0:05 However, there's a few more I want to throw out that didn't really justify their own section. So we're gonna talk about that here inlining opcodes.
0:13 So we have inlining upcode caching according to this issue here we have in line caching for load attr
0:21 as well as store attr and we have it for load method as well. So some of those byte code caching operations are going to be much faster.

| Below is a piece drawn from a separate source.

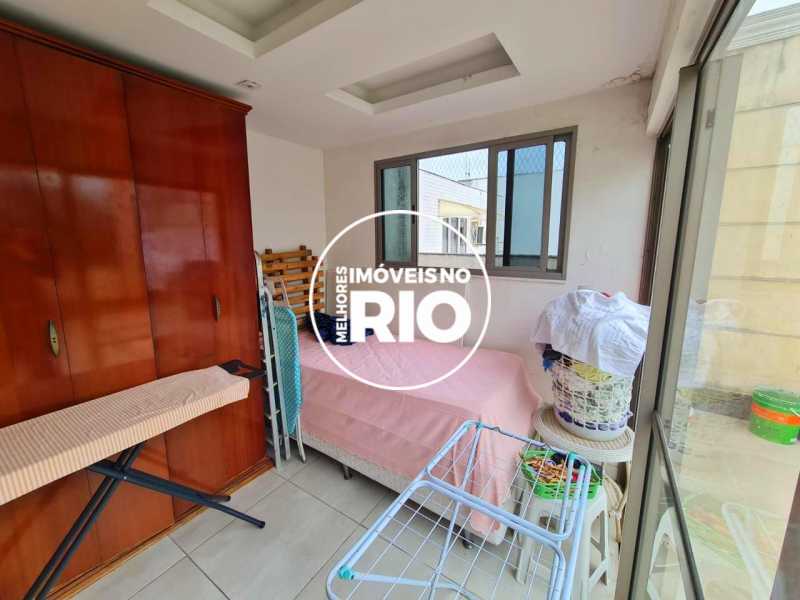 Cobertura na Barra da Tijuca - 6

0:29 Same thing for binary subscript and for the compare operation.
0:34 So a lot of opcode caching which is fantastic. We also have better performance around strings.
0:42 So if you're using find, rfind both of those have improved algorithms that are faster couple more here we have
0:52 speed up of the iteration over bytes and bytearray by 30%. That's great. Very very welcome there. And this one is probably the most important.
1:03 Maybe tied for the byte code one but certainly right up there is list.append and list comprehension are now
1:11 faster. We use list of apennd and comprehension all the time. The way lists work is as you add a new item there's sort of a buffer even if it has zero
1:22 items that might have some space to store that let's say 10.
1:26 I don't know the exact numbers off the top of my head and then you add one and another and it
1:30 knows there's two but there's really memory space for 10 pointers and then once it gets past 10 it's going to
1:35 grow and not just grow by one more byte and one more byte. That would be really tricky to have to copy for every append.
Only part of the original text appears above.